March 18, 2008 at 10:11 pm (democracy promotion, faux democracy promotion)

An interesting post by Yoshie of Critical Montages.

However, I don’t agree with her conclusion about “winning Iranians over for gender equality” — If anything, the Americans lefties and so-called feminists, have to be won over towards understanding Islam – the Americans leftists and feminists have little or nothing to offer the world. They have not been able to stop the war that has killed a million in Iraq, and are now backing a reactionary liberal imperialist man called Obama, and a liberal imperialist woman, Hillary Mrs.

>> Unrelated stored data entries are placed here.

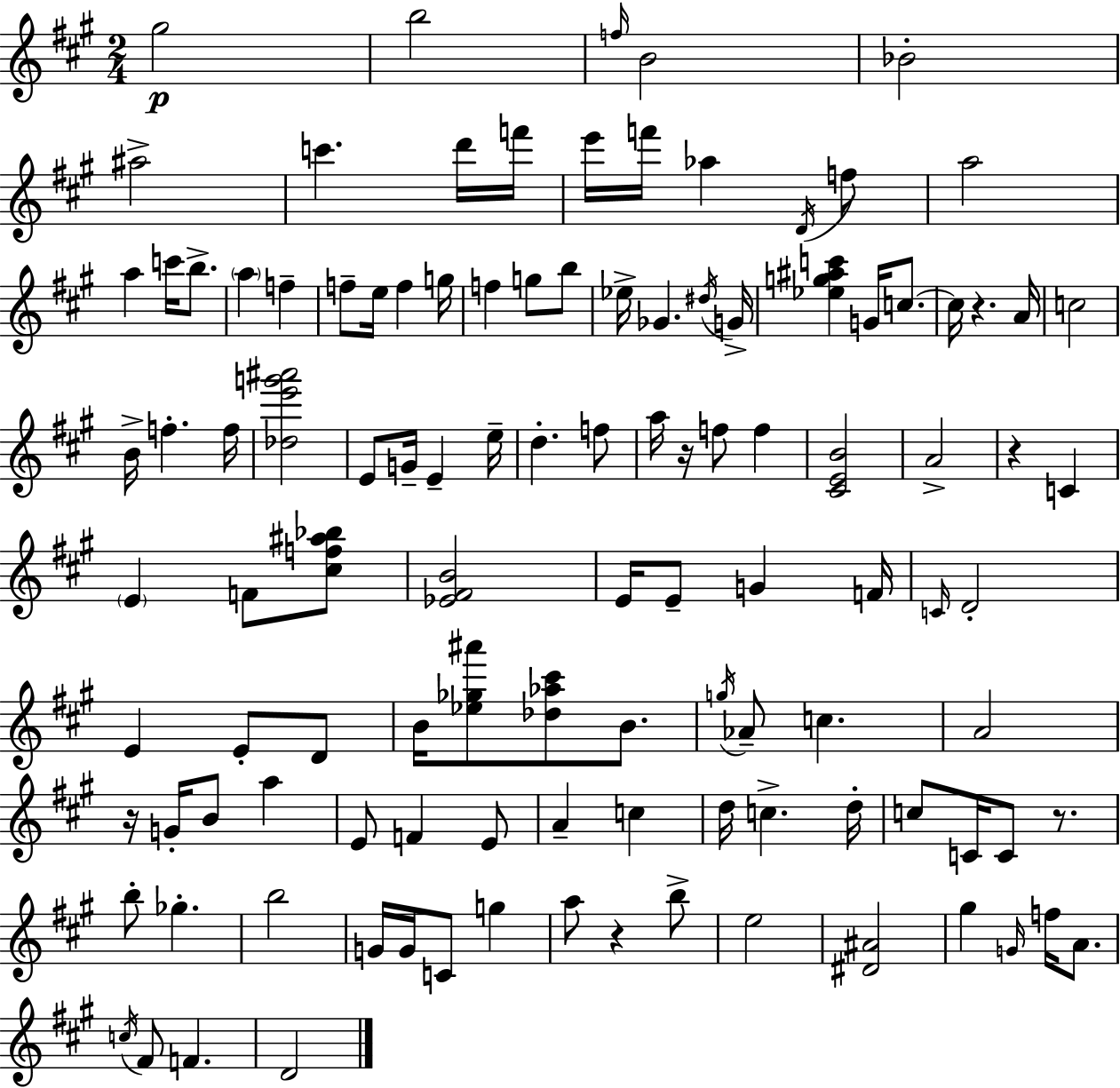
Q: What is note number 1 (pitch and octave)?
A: G#5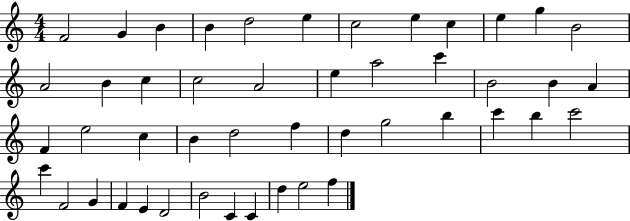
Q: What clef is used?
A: treble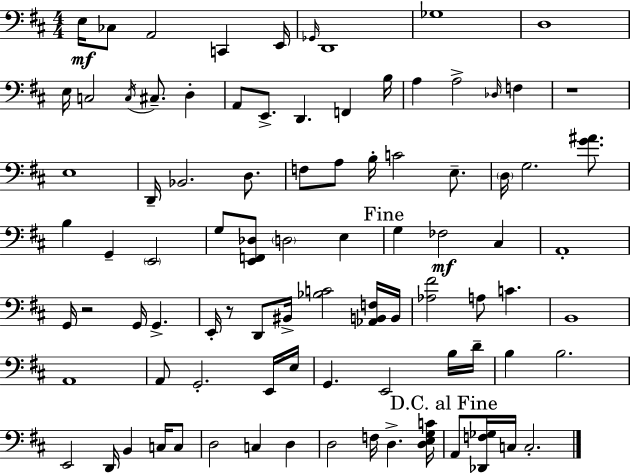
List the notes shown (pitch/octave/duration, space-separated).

E3/s CES3/e A2/h C2/q E2/s Gb2/s D2/w Gb3/w D3/w E3/s C3/h C3/s C#3/e. D3/q A2/e E2/e. D2/q. F2/q B3/s A3/q A3/h Db3/s F3/q R/w E3/w D2/s Bb2/h. D3/e. F3/e A3/e B3/s C4/h E3/e. D3/s G3/h. [G4,A#4]/e. B3/q G2/q E2/h G3/e [E2,F2,Db3]/e D3/h E3/q G3/q FES3/h C#3/q A2/w G2/s R/h G2/s G2/q. E2/s R/e D2/e BIS2/s [Bb3,C4]/h [Ab2,B2,F3]/s B2/s [Ab3,F#4]/h A3/e C4/q. B2/w A2/w A2/e G2/h. E2/s E3/s G2/q. E2/h B3/s D4/s B3/q B3/h. E2/h D2/s B2/q C3/s C3/e D3/h C3/q D3/q D3/h F3/s D3/q. [D3,E3,G3,C4]/s A2/e [Db2,F3,Gb3]/s C3/s C3/h.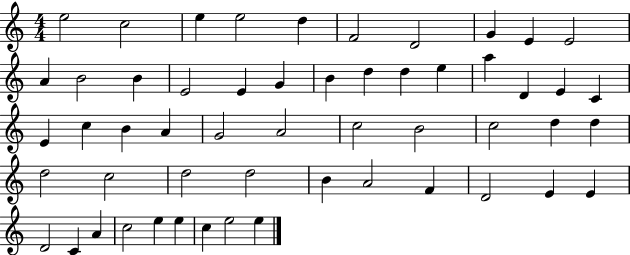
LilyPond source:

{
  \clef treble
  \numericTimeSignature
  \time 4/4
  \key c \major
  e''2 c''2 | e''4 e''2 d''4 | f'2 d'2 | g'4 e'4 e'2 | \break a'4 b'2 b'4 | e'2 e'4 g'4 | b'4 d''4 d''4 e''4 | a''4 d'4 e'4 c'4 | \break e'4 c''4 b'4 a'4 | g'2 a'2 | c''2 b'2 | c''2 d''4 d''4 | \break d''2 c''2 | d''2 d''2 | b'4 a'2 f'4 | d'2 e'4 e'4 | \break d'2 c'4 a'4 | c''2 e''4 e''4 | c''4 e''2 e''4 | \bar "|."
}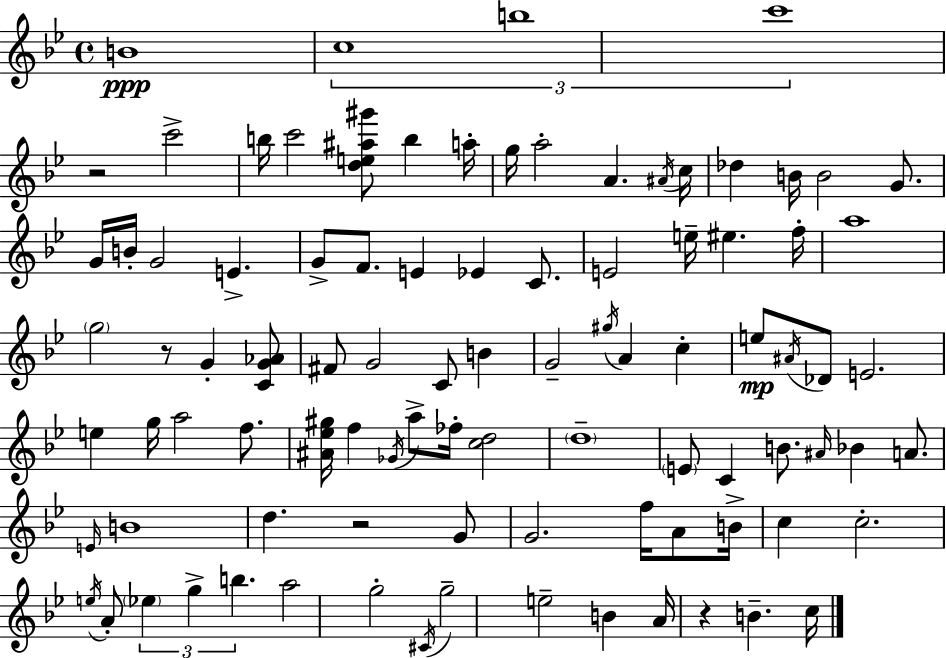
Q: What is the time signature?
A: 4/4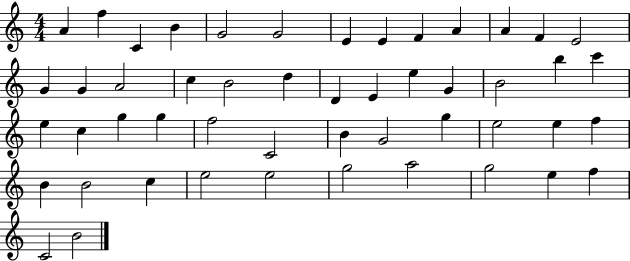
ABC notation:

X:1
T:Untitled
M:4/4
L:1/4
K:C
A f C B G2 G2 E E F A A F E2 G G A2 c B2 d D E e G B2 b c' e c g g f2 C2 B G2 g e2 e f B B2 c e2 e2 g2 a2 g2 e f C2 B2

Clinton, as their savior.

Please keep your winning overs to yourselves, you have nothing of worth to be won over to — but do continue to expose these fraud dissidents – you do that well.

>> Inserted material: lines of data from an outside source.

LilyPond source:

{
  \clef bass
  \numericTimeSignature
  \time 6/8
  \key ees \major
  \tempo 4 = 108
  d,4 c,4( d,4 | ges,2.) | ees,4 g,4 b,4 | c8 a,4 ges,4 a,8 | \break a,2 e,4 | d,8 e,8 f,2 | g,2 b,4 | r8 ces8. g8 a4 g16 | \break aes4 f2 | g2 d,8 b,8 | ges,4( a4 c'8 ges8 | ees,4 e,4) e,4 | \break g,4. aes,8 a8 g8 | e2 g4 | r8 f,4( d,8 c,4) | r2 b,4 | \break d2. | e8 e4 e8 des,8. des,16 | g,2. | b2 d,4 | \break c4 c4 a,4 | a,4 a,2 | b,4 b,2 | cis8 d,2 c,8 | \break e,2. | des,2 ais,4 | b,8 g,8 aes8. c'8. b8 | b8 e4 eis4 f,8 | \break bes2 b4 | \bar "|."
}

The National Endowment for Democracy, in its tireless effort to give democracy a bad name, initiated a project called “World Movement for Democracy” in 1999. The project’s acronym, WMD, may very well be a bad inside joke among the guardians of the empire today.

On WMD’s steering committee sits Mahnaz Afkhami, President of “Women’s Learning Partnership for Rights, Development and Peace.” One of WMD’s projects is “International Women’s Democracy Network,” whose “secretariat [is] to be housed at an existing network with a substantial trans-regional membership, currently the Women’s Learning Partnership.” Iran must be close to the heart of this circle.

Afkhami, the first Minister for Women’s Affairs under the Pahlavi regime, is naturally a friend of Reza Pahlavi, the son of the deposed Shah, who has not given up on the dream of restoration and is busily trying to organize Iranian exiles, not just monarchists but also leftists and separatists, in a vain attempt at regime change (Connie Bruck, “Exiles: How Iran’s Expatriates Are Gaming the Nuclear Threat,” New Yorker, 6 March 2006). What does Afkhami say about the former crown prince? “He’s a regular guy” (qtd. in Franklin Foer, “Reza Pahlavi’s Next Revolution: Successor Story,” The New Republic, 3 January 2002). That says everything about the kind of world she lives in.